# Pipeparana



## ChrisConnor (Dec 31, 2009)




----------



## greenscoutII (Aug 27, 2008)

Hmmm. It's only case hardened. Make the teeth out of high speed steel and it might be ok.

I'd have to try it under real world conditions. Looks a little gimicky.


----------



## ianclapham (Jan 10, 2011)

i like the idea for 1 1/2" pvc, but very expensive considering its basically a oversize 1 1/2" holesaw and a simple guide fitted in place of pilot drill.
$140 for 1 saw on their site.


----------



## Tommy plumber (Feb 19, 2010)

I am a believer.

One time I had a job where I looked at the W/C wobbling.

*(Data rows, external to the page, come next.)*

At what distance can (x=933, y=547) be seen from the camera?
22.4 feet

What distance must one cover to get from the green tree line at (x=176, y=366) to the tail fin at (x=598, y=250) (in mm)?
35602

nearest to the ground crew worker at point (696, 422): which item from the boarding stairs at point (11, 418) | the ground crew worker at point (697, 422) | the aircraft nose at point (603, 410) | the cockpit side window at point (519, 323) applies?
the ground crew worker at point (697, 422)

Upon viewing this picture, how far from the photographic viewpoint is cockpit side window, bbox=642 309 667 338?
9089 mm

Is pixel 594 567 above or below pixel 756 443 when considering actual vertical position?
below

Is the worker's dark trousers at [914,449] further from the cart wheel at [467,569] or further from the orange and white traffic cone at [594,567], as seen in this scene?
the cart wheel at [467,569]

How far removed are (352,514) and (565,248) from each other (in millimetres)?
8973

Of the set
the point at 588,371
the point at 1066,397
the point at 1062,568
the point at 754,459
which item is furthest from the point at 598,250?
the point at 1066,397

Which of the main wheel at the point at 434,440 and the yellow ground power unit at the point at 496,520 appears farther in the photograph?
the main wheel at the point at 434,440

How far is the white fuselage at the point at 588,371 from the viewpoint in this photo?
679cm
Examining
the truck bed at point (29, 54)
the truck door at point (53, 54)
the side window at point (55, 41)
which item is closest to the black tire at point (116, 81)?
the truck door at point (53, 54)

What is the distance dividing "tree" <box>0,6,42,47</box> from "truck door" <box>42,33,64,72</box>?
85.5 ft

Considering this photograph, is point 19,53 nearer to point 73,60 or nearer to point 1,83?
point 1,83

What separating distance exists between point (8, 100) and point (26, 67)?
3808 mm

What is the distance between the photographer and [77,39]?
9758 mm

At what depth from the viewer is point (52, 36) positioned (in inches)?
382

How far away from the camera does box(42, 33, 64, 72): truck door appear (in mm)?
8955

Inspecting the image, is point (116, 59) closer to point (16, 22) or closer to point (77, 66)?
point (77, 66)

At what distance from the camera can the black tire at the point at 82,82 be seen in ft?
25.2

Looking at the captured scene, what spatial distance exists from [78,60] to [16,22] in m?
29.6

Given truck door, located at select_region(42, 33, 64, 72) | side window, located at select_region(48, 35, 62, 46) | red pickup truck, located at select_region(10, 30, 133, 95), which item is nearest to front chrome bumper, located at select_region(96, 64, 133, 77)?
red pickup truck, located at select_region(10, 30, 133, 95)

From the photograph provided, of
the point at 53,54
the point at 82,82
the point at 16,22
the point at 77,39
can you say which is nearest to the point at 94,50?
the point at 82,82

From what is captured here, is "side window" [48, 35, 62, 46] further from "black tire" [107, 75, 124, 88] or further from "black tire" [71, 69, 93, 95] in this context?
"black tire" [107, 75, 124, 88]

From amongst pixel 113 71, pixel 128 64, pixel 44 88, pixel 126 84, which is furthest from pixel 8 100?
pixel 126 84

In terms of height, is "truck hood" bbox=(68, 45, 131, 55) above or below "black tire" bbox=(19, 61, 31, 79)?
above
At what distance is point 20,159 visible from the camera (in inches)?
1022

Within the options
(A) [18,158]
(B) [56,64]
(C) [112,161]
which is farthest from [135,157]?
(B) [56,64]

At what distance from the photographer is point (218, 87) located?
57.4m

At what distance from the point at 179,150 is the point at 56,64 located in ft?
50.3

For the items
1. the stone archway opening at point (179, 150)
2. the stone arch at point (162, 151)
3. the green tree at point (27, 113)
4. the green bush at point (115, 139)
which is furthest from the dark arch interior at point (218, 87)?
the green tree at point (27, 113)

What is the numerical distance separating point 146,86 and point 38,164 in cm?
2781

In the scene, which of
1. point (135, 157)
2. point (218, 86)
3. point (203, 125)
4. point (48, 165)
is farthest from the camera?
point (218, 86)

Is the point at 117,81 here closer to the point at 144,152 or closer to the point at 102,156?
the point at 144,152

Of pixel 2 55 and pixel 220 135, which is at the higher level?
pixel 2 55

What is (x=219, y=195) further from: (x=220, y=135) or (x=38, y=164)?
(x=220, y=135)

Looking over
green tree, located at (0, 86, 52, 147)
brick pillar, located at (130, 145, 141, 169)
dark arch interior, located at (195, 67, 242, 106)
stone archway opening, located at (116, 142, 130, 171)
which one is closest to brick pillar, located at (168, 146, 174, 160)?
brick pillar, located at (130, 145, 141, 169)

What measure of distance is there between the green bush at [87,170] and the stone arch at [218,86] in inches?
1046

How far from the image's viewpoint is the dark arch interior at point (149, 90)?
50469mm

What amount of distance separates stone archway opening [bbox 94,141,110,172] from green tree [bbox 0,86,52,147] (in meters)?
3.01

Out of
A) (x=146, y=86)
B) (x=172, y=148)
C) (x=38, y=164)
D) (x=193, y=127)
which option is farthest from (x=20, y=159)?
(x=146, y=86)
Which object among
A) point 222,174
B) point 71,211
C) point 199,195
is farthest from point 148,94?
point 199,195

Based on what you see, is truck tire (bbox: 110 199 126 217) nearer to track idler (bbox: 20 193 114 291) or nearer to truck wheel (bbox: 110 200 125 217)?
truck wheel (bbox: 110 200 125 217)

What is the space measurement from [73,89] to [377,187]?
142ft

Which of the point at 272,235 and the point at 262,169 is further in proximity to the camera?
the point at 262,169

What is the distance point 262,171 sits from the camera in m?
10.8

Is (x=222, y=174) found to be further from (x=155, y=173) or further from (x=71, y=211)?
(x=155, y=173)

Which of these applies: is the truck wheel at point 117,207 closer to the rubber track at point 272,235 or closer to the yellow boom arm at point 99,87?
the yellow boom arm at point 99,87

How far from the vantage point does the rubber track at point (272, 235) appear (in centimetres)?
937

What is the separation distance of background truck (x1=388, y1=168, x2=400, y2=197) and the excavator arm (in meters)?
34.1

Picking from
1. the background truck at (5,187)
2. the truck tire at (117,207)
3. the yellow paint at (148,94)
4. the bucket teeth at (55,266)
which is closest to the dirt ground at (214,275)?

So I pulled it up and saw a pvc flange broken. I gave the guy a price to pull and re-set W/C, and replace a 4" pvc flange. What I didn't see was that the flange was the kind that are glued outside the W/C riser, not an inside flange. It was on first floor of a slab-on-grade, so the flange was encased in concrete. Being a man of my word, I did not want to ask man for more money. So I chipped all around this POS flange, removed it and replaced it. What I thought was an in and out job of like 2 hrs at most, took more like 3 or 4 hrs. I wish I had had that pipe parana then. My 'Ram- Bit' was useless, because it only works on removing pipe from hub of a fitting. The pipe parana will remove the fitting from the pipe. 

I want at least to purchase the 3" and 4" for W/C's.


----------



## Proud Plumber (Sep 15, 2008)

I am sold. That is a gnarly looking cutting blade. Actually I hate the inside grinder we showed in the beginning. I have never been able to make one of those cheap POS's to work properly.

LOL it appears ABS is nasty to cut no matter what you are doing. It always seems to want to weld itself back together.


----------



## ianclapham (Jan 10, 2011)

Tommy plumber said:


> I am a believer.
> 
> One time I had a job where I looked at the W/C wobbling. So I pulled it up and saw a pvc flange broken. I gave the guy a price to pull and re-set W/C, and replace a 4" pvc flange. What I didn't see was that the flange was the kind that are glued outside the W/C riser, not an inside flange. It was on first floor of a slab-on-grade, so the flange was encased in concrete. Being a man of my word, I did not want to ask man for more money. So I chipped all around this POS flange, removed it and replaced it. What I thought was an in and out job of like 2 hrs at most, took more like 3 or 4 hrs. I wish I had had that pipe parana then. My 'Ram- Bit' was useless, because it only works on removing pipe from hub of a fitting. The pipe parana will remove the fitting from the pipe.
> 
> I want at least to purchase the 3" and 4" for W/C's.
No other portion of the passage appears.